Production Machine Learning System
Real World ML System | Enterprise AI Platform MLOps
This is one of article which I had written for GitHub , do check and leave your feedback
This repository/article intends to offers
- A Real-world vision and recipe of the
design, development and operation
of production machine learning systems & operation. - A curated list of tools, frameworks and open source libraries that helps AI/ML Engineers
Deploy, monitor, version, scale, and secure
production machine learning. - A Recipe/prescription of constituents, constructs and tools for to build & opertaionize a comprehensive, operational & production Machine learning ecosystem .Any good Enterprise AI Platform must intend to stich/chain together these constructs and tools under its hood. Generally 'Enterprise AI Platforms', such as
H20.ai, Alteryx, HopsML, Neu.ro, PipelineAI, DataRobot
etc, are powered by Custom MLOPS with the objective to attempt to offer essential high level MLOps constructs. - A Deep Dive View into:
- ML Model Reproducibility and Versioning
- Production Machine Learning Orchestration
- Explainability of Black Box Models (a pillar of AI Trust)
- Ethical AI (a pillar of AI Trust) with adequate deatiling around
Ethical AI Frameworks, Codes of Ethics, Guidelines, Regulations
et al. Ethical AI.
- Target Audience:
- Enterprise Architects / AI ML Solution Architects
- AI Researcher
- Data Scientists
- AI/ML Engineers
- AI Platform Engineers
- DevOps Engineers
A Quick Rundown:
- INSPIRATION for MLOPS
- MLOPS VS DATAOPS VS AIOPS VS PLATFORMOPS
- STATE OF MACHINE LEARNING OPERATIONS IN Y2019
- MLOPS Reference Architecture
- High level constructs of MLOPS
- Detail References to the Constructs and Tools of MLOPS
MLOPS Architecture based on KUBEFLOW
- Train and Serve TensorFlow Models at Scale with KUBERNETES and KUBEFLOW
- Docker - Containerizatioin of AI Modules
- Kubernetes - K8S for AI
- Helm Charts on K8S for AI complex deployment
- Kubeflow for AI MLOPS
- JupyterHub on K8S- AI Build Notebook
- TFJob- K8S custom kind for AI Training on GPU/CPU/TPU
- Distributed Tensorflow
- Hyperparameters Sweep with Helm
- AI Model Serving for prediction/scoring
- Integrating AzureML and AWS SageMaker with KubeFlow to create E2E MLOPS Pipeline
- Train and Serve TensorFlow Models at Scale with KUBERNETES and KUBEFLOW
INSPIRATION for MLOPS
WHY DO WE NEED MLOPS**
Three Pronged Answer
- EVOLUTION JOURNEY IN AI MATURITY CURVE
{AS the Organizations advance in their AI Maturity journey, complexities start growing expoenentially}
- HIDDEN TECH DEBT IN REAL WORLD ML SYSTEM
{by _Google NIPS 2015}
- STATE OF MACHINE LEANRNING OPERATIONS IN Y2019
{Survey conducted by PipelineAI in July 2019 on State of Machine learning Operations}
The aforementioned pointers are explained in below segments.
INDUSTRY SURVEY
But, before we resort to a deep dive into these aforementioned 3 PRONGED answers, Let us have a sneak peek into couple of the interesting suerveys conducted -
A. "Only 20% of ML Models in the enterprise making into the production environments" _ from 3073 AI Aware CXO-level executive surveyed
B. The Story of Enterprise Machine Learning: "It took me 3 weeks to develop the model.
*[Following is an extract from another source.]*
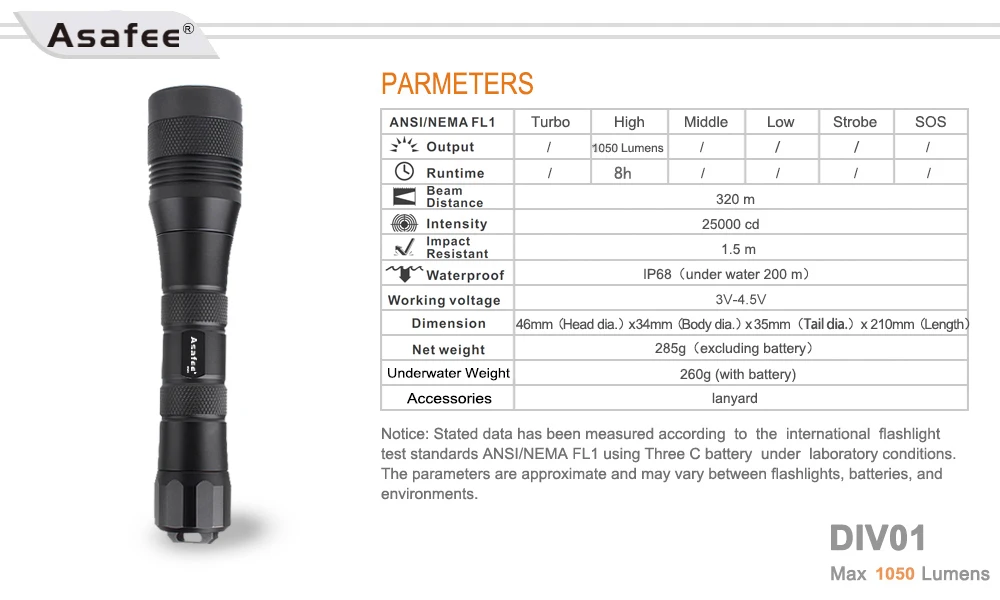 Asafee DIV01 Дайвинг факел CREE XM-L2 (U4) светодиодный фонарик на аккумуляторе для дайвинга подводный светодиодный Дайвинг фонарик + ремешок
It has been > 11 months, and it's still not deployed." _ Ref Source: The Linux foundation CD.FONDATION
C. The State of Affairs in MACHINE LEARNING OPERATIONS- Y'2019 Survey
EVOLUTION IN AI MATURITY JOURNEY
- AS the Organizations advance in their AI Maturity journey, complexities start growing expoenentially.
- SMALL DATA SCIENCE PROJECTS/DataScience POC/MVP has lesser complexities, than the ENTERPRISE DATA SCIENCE SYSTEM.
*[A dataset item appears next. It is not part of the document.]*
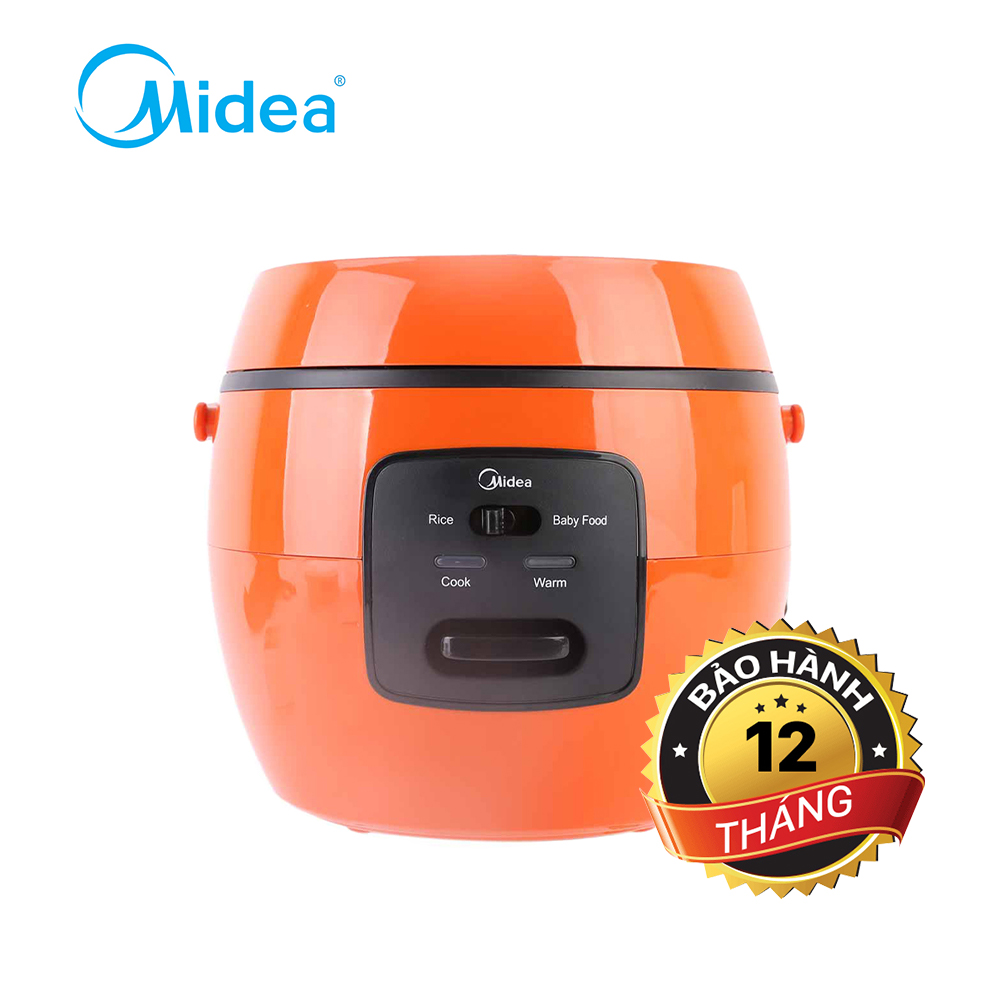 Nồi cơm điện mini MIDEA MR-CM07NB tặng kèm xửng hấp và muỗng cơm Dung tích 700ml Chống dính Nấu cơm nấu cháo Hàng Chính Hãng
Let us have a sneak peek into the Journey of any Org through various stages of AI Maturity, and related complexities
"THE BEGINERS LUCK" (stage 1)
--> "WHEN THE RUBBER HITS THE ROAD" (stage 2)
--> "THE PROLIFERATION" (Stage 3)
-- [STAGE 1.] 'THE BEGINERS LUCK STAGE
A Simple ML workflow does relatively very well with SMALL DATA SCIENCE PROJECTS/POC/MVP
'Build/Prepare' --> 'Train' --> 'Evaluate'--> 'Deploy' --> 'UI' (a simple WebApp)
As the focus is
- Focus is on the deployment of the Model (accepted with success criteria),
- Enable the registry of its inference in Real time,
- Enable a simple PWA UI for the Visualization.
THEREFORE, the SIMPLE WORKFLOW which worked pretty well for 'SMALL DATA SCIENCE PROJECTS' starts failing and crumbling under the complexities of 'ENTERPRISE DATA SCIENCE SYSTEM'.
-- [STAGE 2.] 'WHEN THE RUBBER HITS THE ROAD' SATGE
As and when, the SMALL DATA SCIENCE PROJECTS/POC/MVPPOC/MVP hits the REAL WORLD SYSTEM, it starts facing new set of Challenges, and focus shifts to following
Need to Re-Train: After Pushing Your Model to Production, Your Model is already Out of Date. Google updates its SEO model/algorithm on average 500 times per year. Ref
Slow: Need to Quantize and Speed Up Predictions
Biased: Needs to Validate Trained ML Binary/ Service/ servable in any form for Bias detection Before Pushing
AI/ML Service Routing (If Broken): Need to A/B Test/ Multi Armed Bandit in Production
Security Vulnerability (If Hacked): Need to Train With Data Privacy (All your Data & other security is for a toss now as the Makert exposed AI Model has the essence of the underlying data.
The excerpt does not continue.